と、ここまで書いておいて「あれ?」と思ったことがひとつあります。日本で道徳などという言葉を持ち出すのは決まって近代明治日本が大好きな復古的保守主義の方々のほうであったような?これはある種のねじれ現象なのでしょうか?

現代の所謂保守と呼ばれる人たちも、どうにも近代国民国家の成果の部分については忘れてるのではないかと思うことがあります。近代国民国家の三要素とは、平たく言うなら、国民と国土と政府です。国民と政府のバランスについては多く語られますが、国土とのバランスは著しく壊れています。バランスを考えていればこんなに地方は衰退しません。

話を戻して、本書では以下身体論について様々な考察がされます。ひとつひとつには面白いと感じたものの、それが僕の考察の中で線に繋がらず、未消化ですが、それはまた今後の課題としたいと思います。とはいえ、少しはピックアップしておきましょう。

引用
>身体の変容は、身体が社会的諸事物や環境的自然への拡張によって生じるのではなく、社会的諸事物や環境的自然が人間身体へと凝固・結晶することによって生じる

とあり、義手義足や熟練職人の道具などについて言及されます。であるならば、現代ネット社会における「アバター」は既に身体となっていると言えるということ。良いとか悪いとかではなく、現実としてそうなっているということになります。

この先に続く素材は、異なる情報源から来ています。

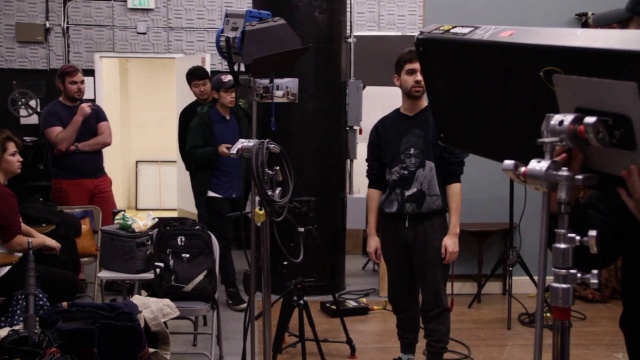 Film School - Editing & Production | Academy of Art University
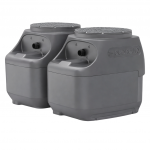 Насосная станция Pedrollo SAR 550-TRm 1.3 KSE55SHT05A1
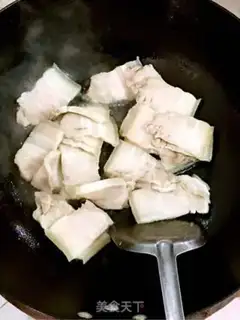 Make Come back to the pot step 2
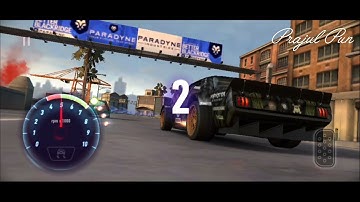 *NFS No Limits* #prajulpun #gaming #needforspeednolimits  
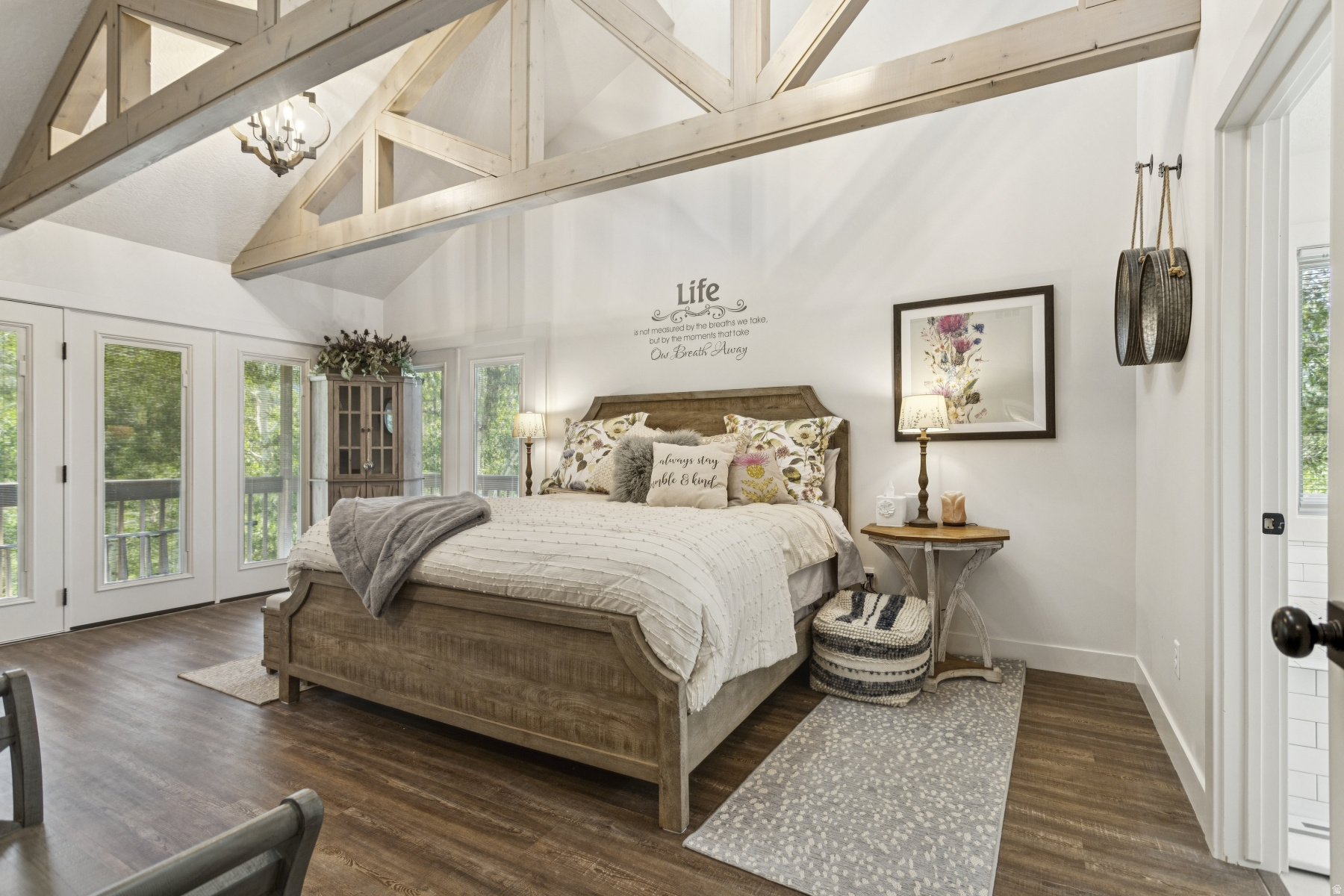 TIMBER LAKES - Residential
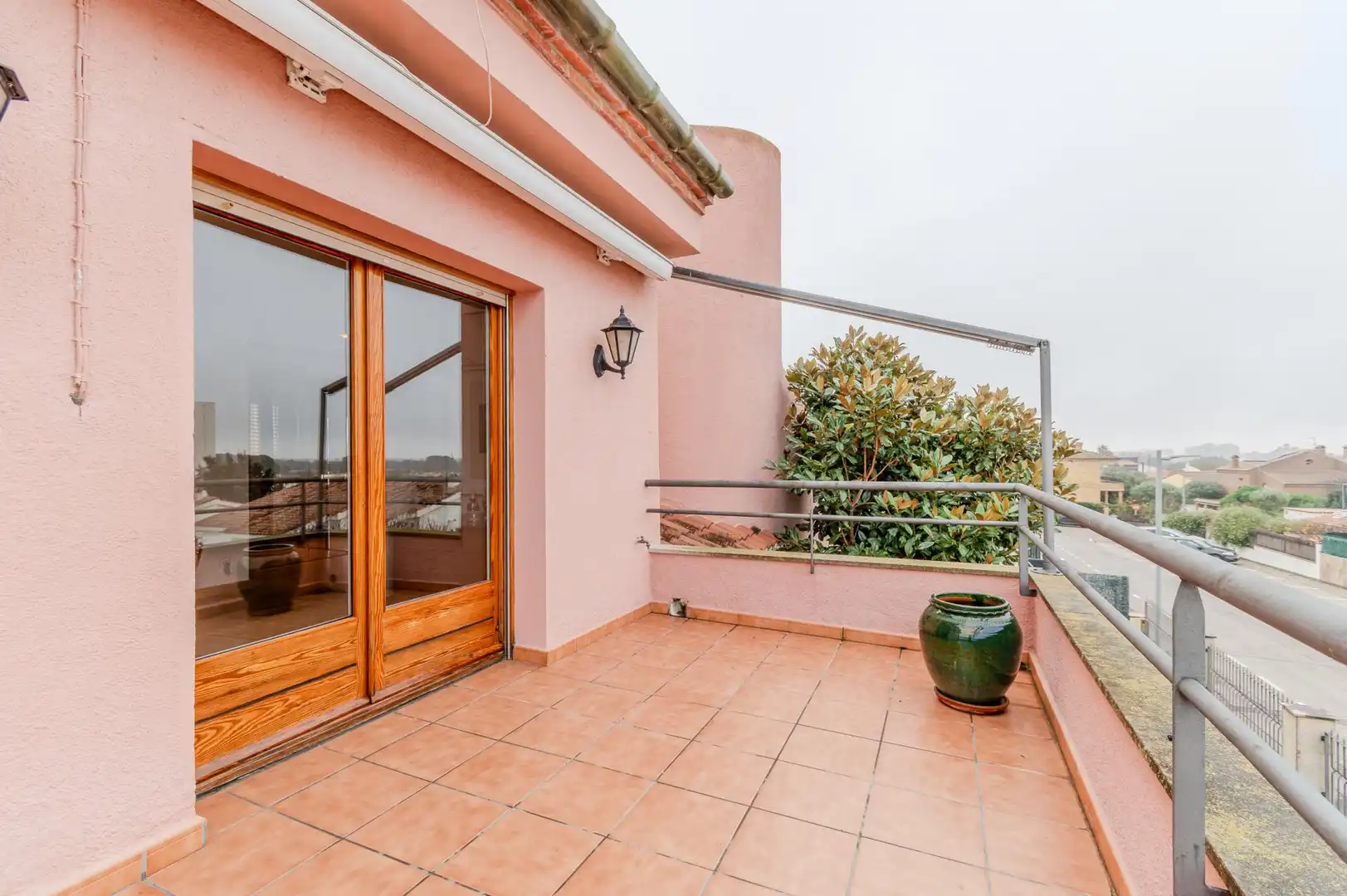 Detached house with terrace for sale in Carrer de Sant Llorenç, imagen 40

未来においてヒトは肉体を放棄して、アバター身体で恋愛したりオリンピック競技をしたり、みたいなことが絵空事ではないということかもしれないですね。

もうひとつ、ベートーベン「運命」について、始まりとしての八分休符・休止から始まる意味、というじつに面白い記述もありました。

ベートーベンは西洋音楽を「王侯貴族のためのもの」から「人間のためのもの」に変えた歴史的人物であると僕は考えます。僕のこの思考と本書の記述はじつにぴったりくるものでした。西洋音楽の歴史は、「神のため」のものから「王侯貴族のため」になり、ベートーベンが近代の幕開けとともに「人間のため」に変えた、というものです。

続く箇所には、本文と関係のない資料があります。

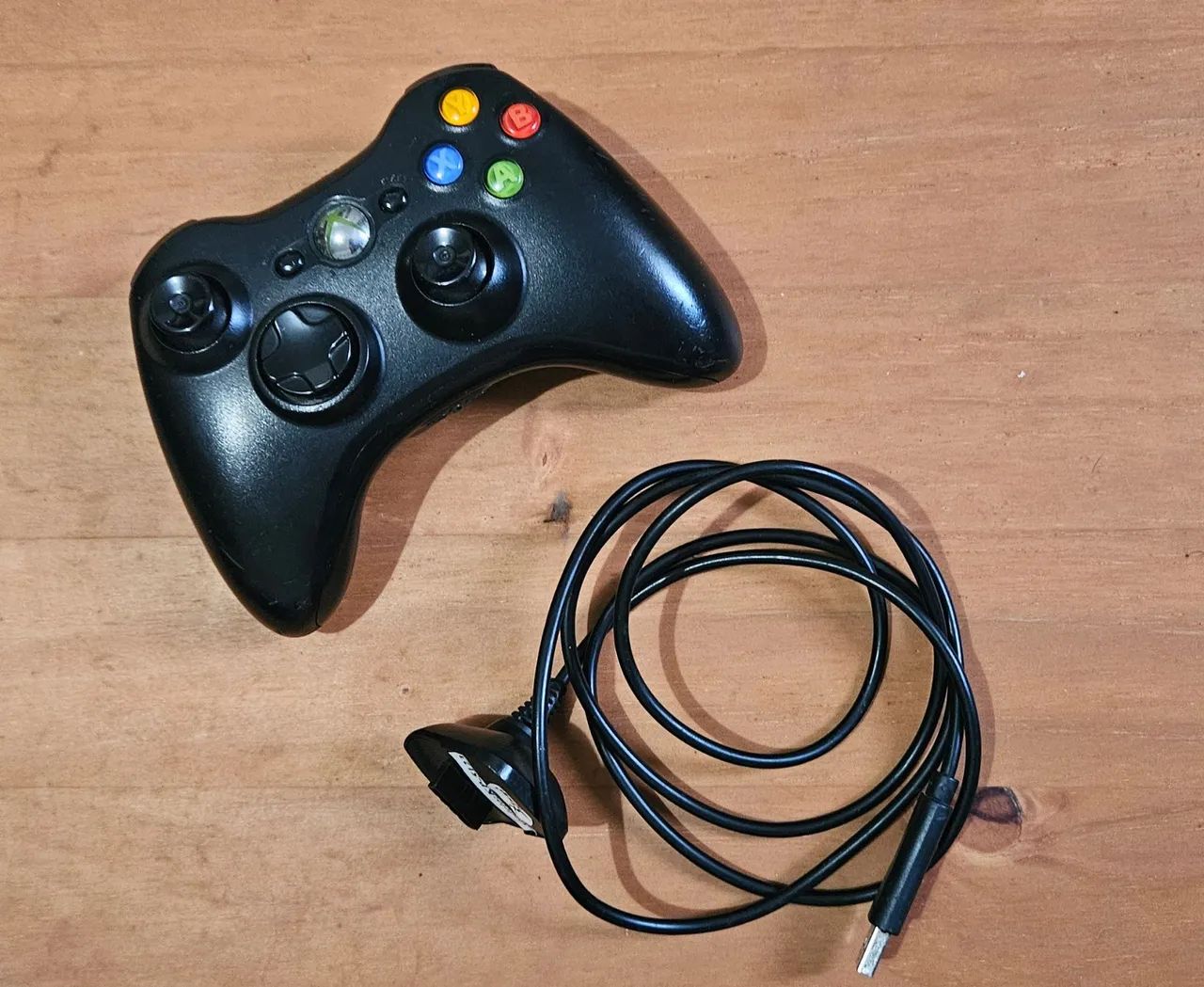 Controle original Xbox360  - Foto 4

単に世俗性という観点だけで言えばそれ以前にも、例えばオペラなどは内容は昼ドラみたいな感じであったりとかするのですが、それでも音楽としてはじつに気品ある上品な仕上がりというものでした。人間の激情を音で表したのはベートーベンから、だと思います。「いや、バッハがいるじゃないか」と言われると話が長くなるのでここではやめておきます。

いずれにしても、音楽が宮殿のシャンデリアや装飾などと同列とされていたものが、音そのもので人生とか運命とかを表すようになったということです。そして、それは現代のポップスなどに繋がります。重い軽いは別にして「誰のための音楽か」という観点に立った場合、ベートーベンと現代ポップスは同じであり、ベートーベン以前というところで線が引かれるのです。

ここまで、まったくまとまりのない文章ですが、考えがまとまってないので文章もまとまる訳がない、ということで仕方ないことでしょう。

石塚先生からはシリーズの第5巻 アソシアシオンの世界多様化─クレオリゼーションも紹介してもらったので次はそれを読みたいと思います。

アソシエーションについては少し興味持ったこともあったのですが、対して勉強しなかったので、次の読書も良い機会になりそうです。